Polish No Longer Signals Readiness
- If the medium no longer signals stage, what *does* — is explicit human labeling ("this is exploration") the only mechanism, or can tooling re-attach the signal (e.g. a visible "exploration / preview / prod" marker on every build)?
- Does over-anchoring get worse as builds get more polished, or does everyone eventually recalibrate and learn to discount fidelity entirely?
Prototype Over PRD
- Where does prototype-over-PRD break down? Carey's domain is a visual design tool where a prototype *is* the product surface; for backend/infra/data work the prototype may not capture the spec (cf. [[ai-native-product-cadence]]'s "full PRD for heavy-infra features").
- If there is no PRD, where does the *rationale* ("why we chose variation B") live for future readers? Same rationale-capture gap flagged in [[building-is-cheap-arguing-is-expensive]].
- The prototype-as-spec must not become the prototype-as-validation trap [[problem-solution-fit-discipline]] warns about: a fast prototype proves the build was solvable, not that the problem is real.

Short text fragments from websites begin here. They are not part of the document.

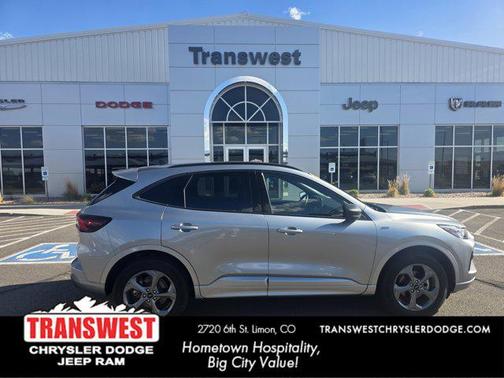 Silver Metallic 2024 Ford Escape ST-Line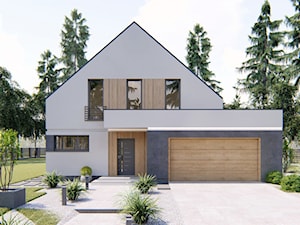 Dom Charlotte - Domy, styl nowoczesny - zdjęcie od HouseCollection.pl - Gotowe projekty domów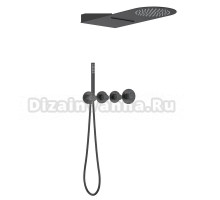 Душевой комплект Timo Saona SX-2350/03SM С ВНУТРЕННЕЙ ЧАСТЬЮ, с термостатом, черный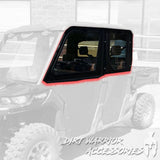 Dirt Warrior '16+ Can-Am Defender 4-Seat Cab Enclosure Upper Side Doors & Panels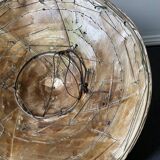 Asian straw and rattan hat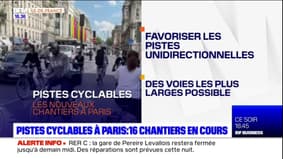 Pistes cyclables à Paris: 16 chantiers de rénovation sont en cours 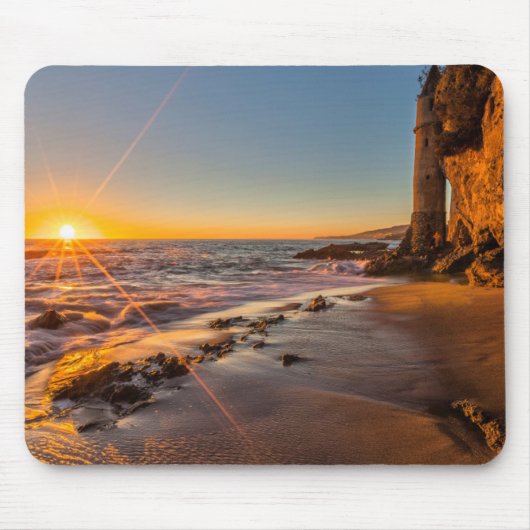 Zonsondergang bij Victoria Beach 2 Muismat (Voorkant)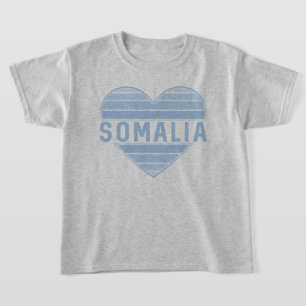 Camiseta Amo Somalia, corazón somalí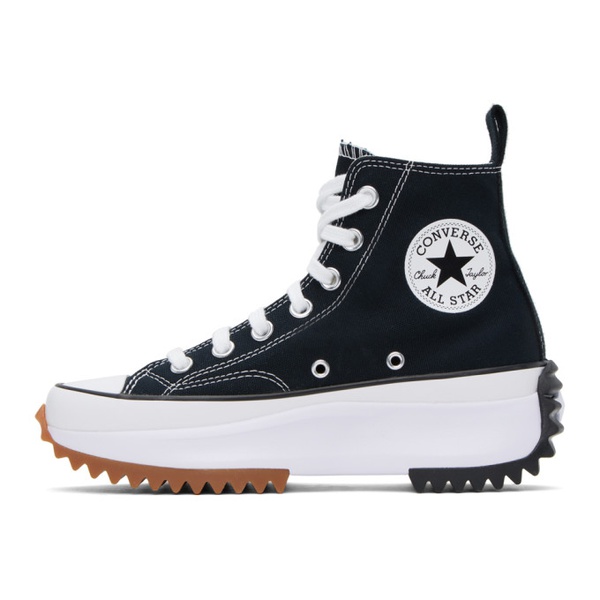  컨버스 Converse Black Run Star Hike Sneakers 241799F127004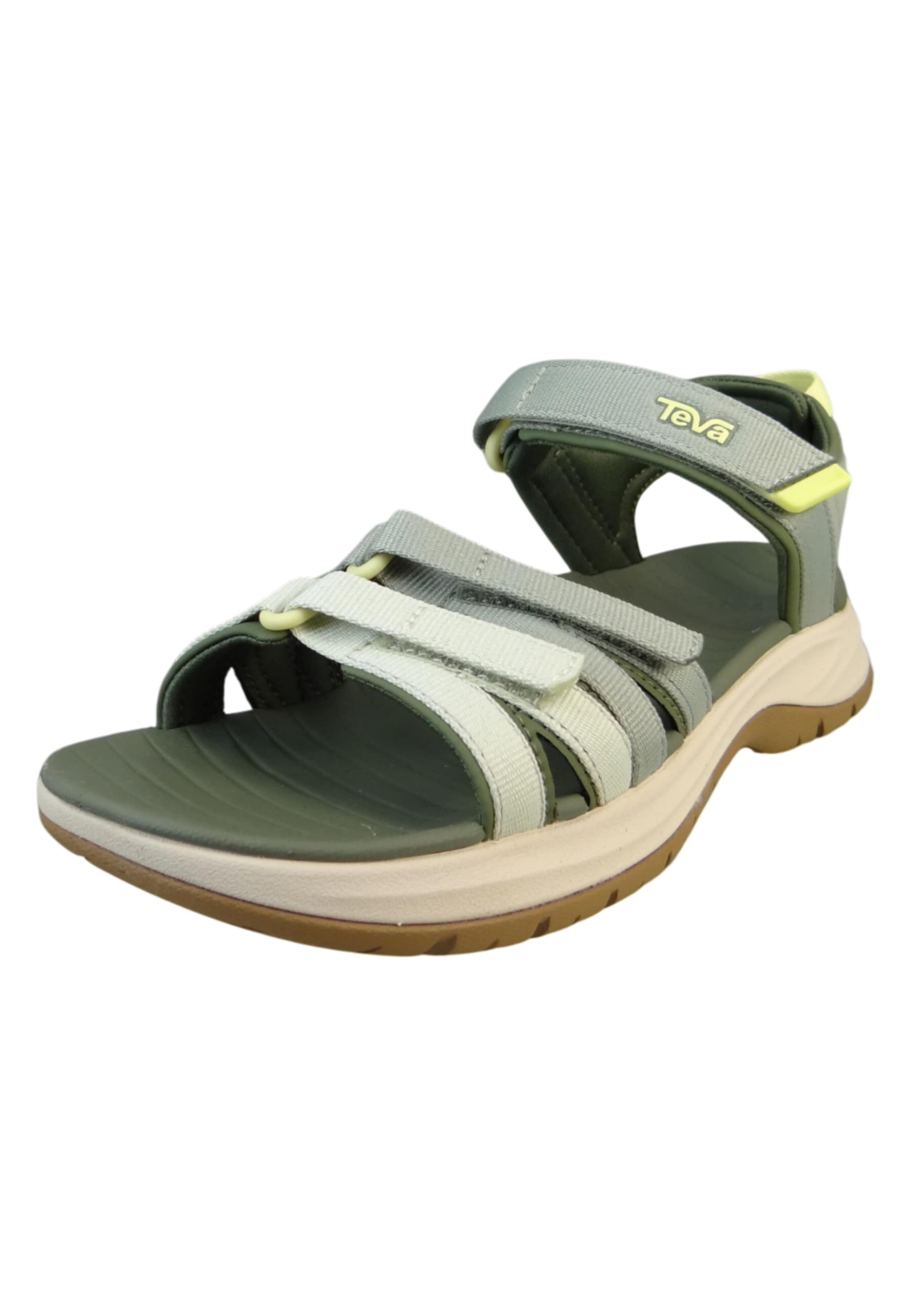 Sandales TEVA en vert : devant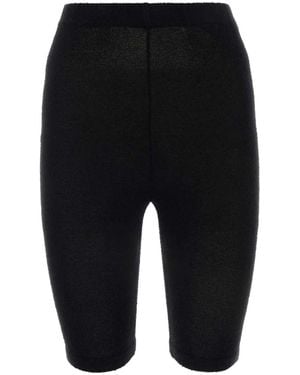 Balenciaga Stretch Terry Shorts - Black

Role Averaging, Not Role Elimination
- Where is the equilibrium between fluidity and specialty — how much role-averaging before a company loses the accumulated best practices Ambrosino warns about?
- Zone defense assumes enough high-taste people to cover the whole company; does it degrade in orgs without OpenAI's talent density, collapsing back to top-down planning?
- Does "your role is the average of what you spend time on" survive performance review and career ladders, or does it fragment them the way [[engineer-pm-convergence|Cat Wu flags]] ("we're sacrificing product consistency")?